Exercise instructions: Using the material below, print a verbatim copy of every line from the one containing "四季薄款护腰带透气保暖护腰神器腰椎间盘久坐支撑腰部男女士腰托" through the one containing "Кардиганы. KnitMaster. Ярмарка", inclusive, and omit the pictures.

(Exercise input)

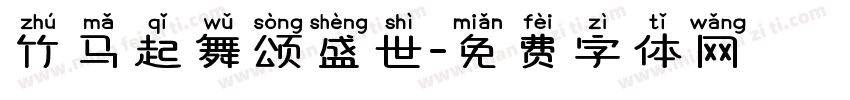 竹马起舞颂盛世字体转换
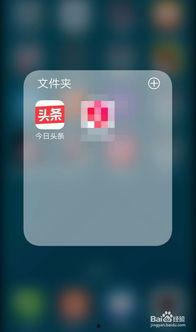 洛阳今日头条最新爆料,揭秘神秘古墓背后的惊天秘密! 第3张 洛阳今日头条最新爆料,揭秘神秘古墓背后的惊天秘密! 第3张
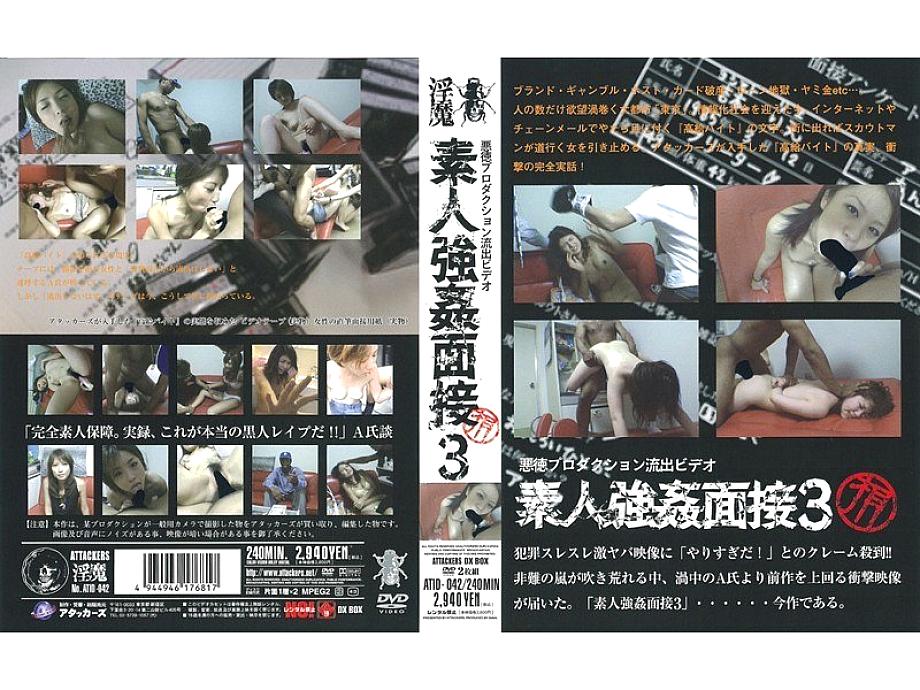 ATID-042 DVD封面图片 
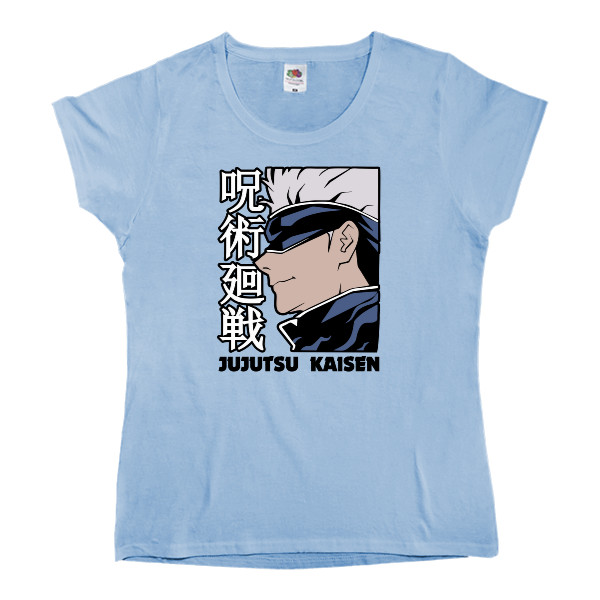 Women's T-shirt Fruit of the loom - Jujutsu Kaisen - Mfest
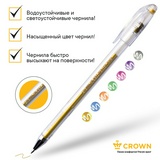 Набор гелевых ручек Crown HJR-500GSM, 6 цветов, 0.5 мм, металлик
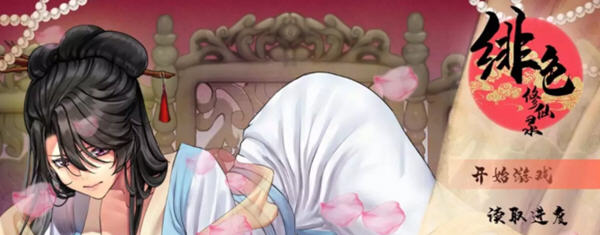 c28  绯月仙行录V0.514A  pc＋安卓模拟器joi-acg畅游网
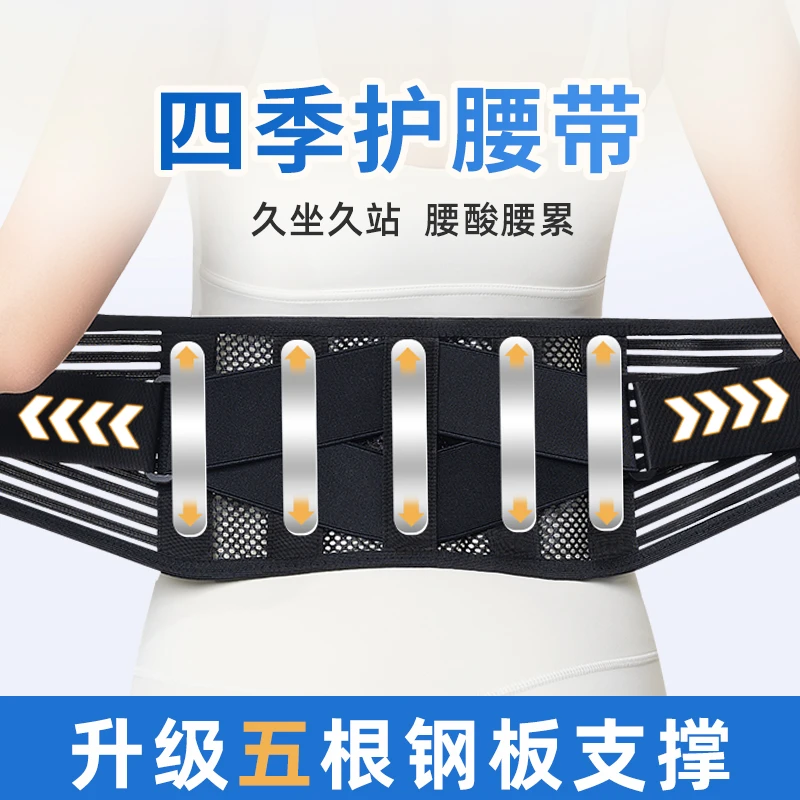 四季薄款护腰带透气保暖护腰神器腰椎间盘久坐支撑腰部男女士腰托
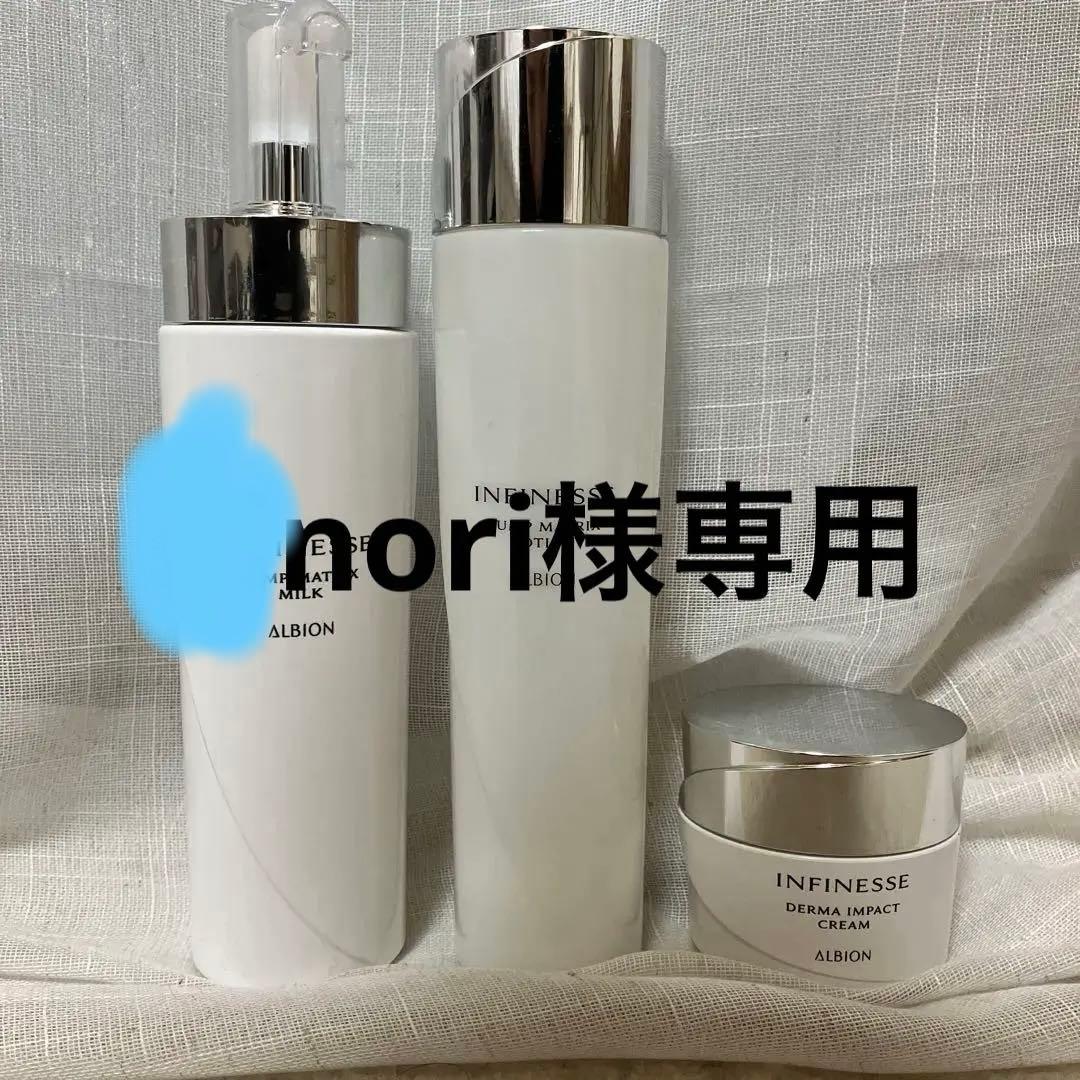アルビオンアンフィネ アルビオン / アンフィネス ダーマ インパクト クリームの公式商品情報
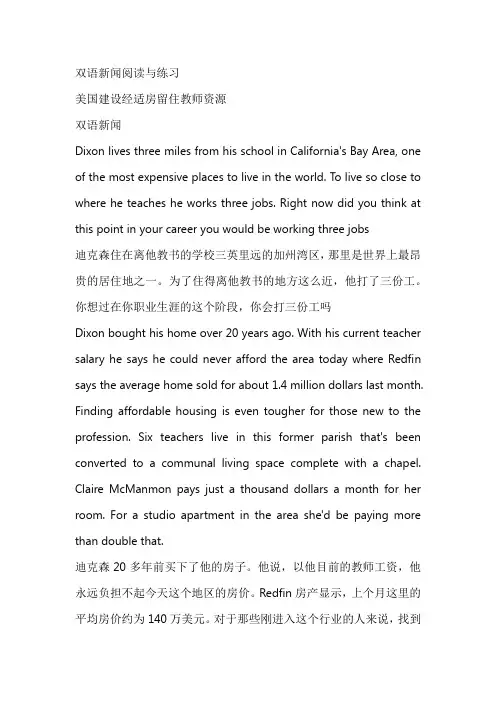 2025届高三英语复习备考专训：双语新闻阅读与练习(含答案)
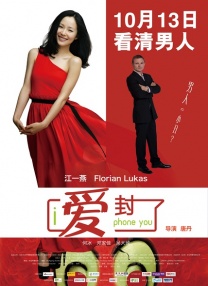 致命的女人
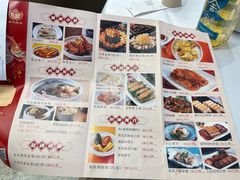 -盆满钵满·国家非遗传承(云台店)
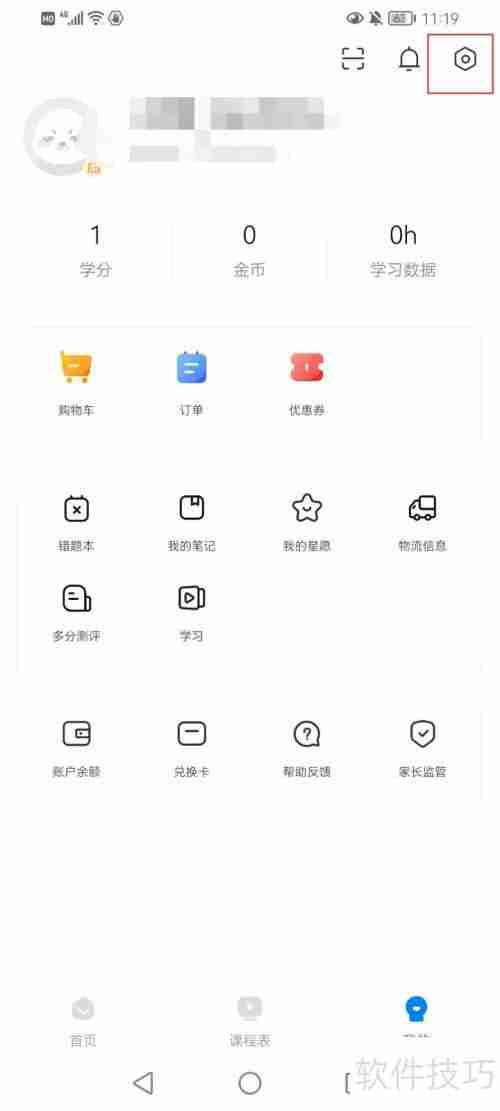 乐学乐享平台登录密码设置方法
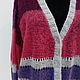 Кардиган "Микс". Кардиганы. KnitMaster. Ярмарка Мастеров.  Фото №4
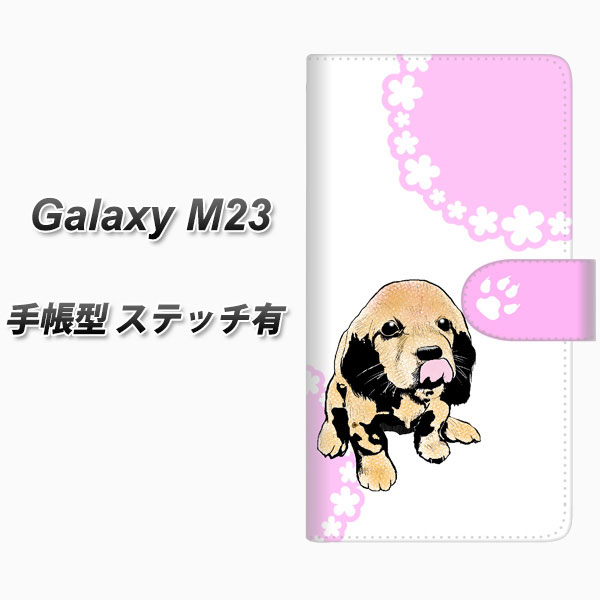 SIMt[ Galaxy M23 5G 蒠^ X}zP[X Jo[ yXeb`^CvzyYF993 oEE04 UVz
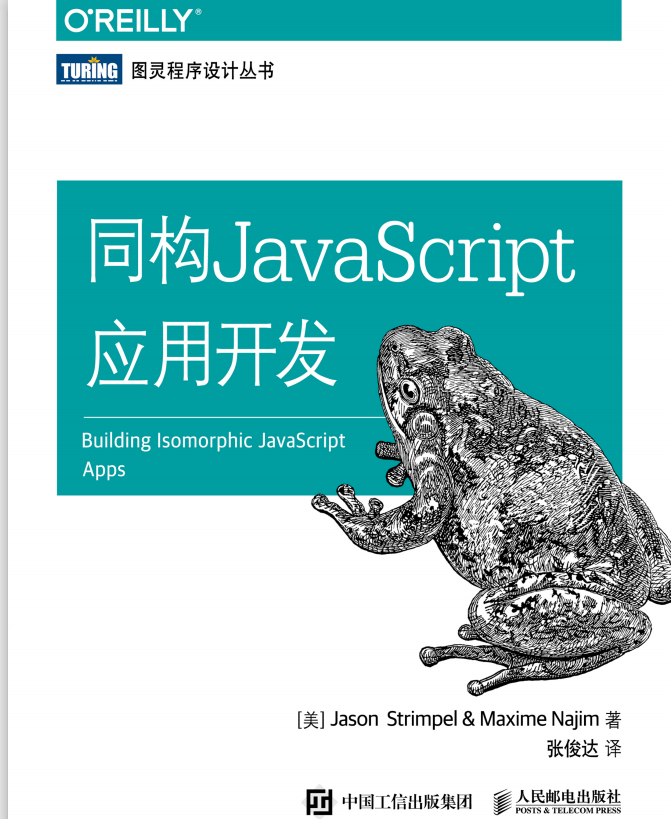 同构javascript应用开发 中文pdf_前端开发教程插图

(End Exercise input)

Your response:
 四季薄款护腰带透气保暖护腰神器腰椎间盘久坐支撑腰部男女士腰托
アルビオンアンフィネ アルビオン / アンフィネス ダーマ インパクト クリームの公式商品情報
 2025届高三英语复习备考专训：双语新闻阅读与练习(含答案)
 致命的女人
 -盆满钵满·国家非遗传承(云台店)
 乐学乐享平台登录密码设置方法
 Кардиган "Микс". Кардиганы. KnitMaster. Ярмарка Мастеров.  Фото №4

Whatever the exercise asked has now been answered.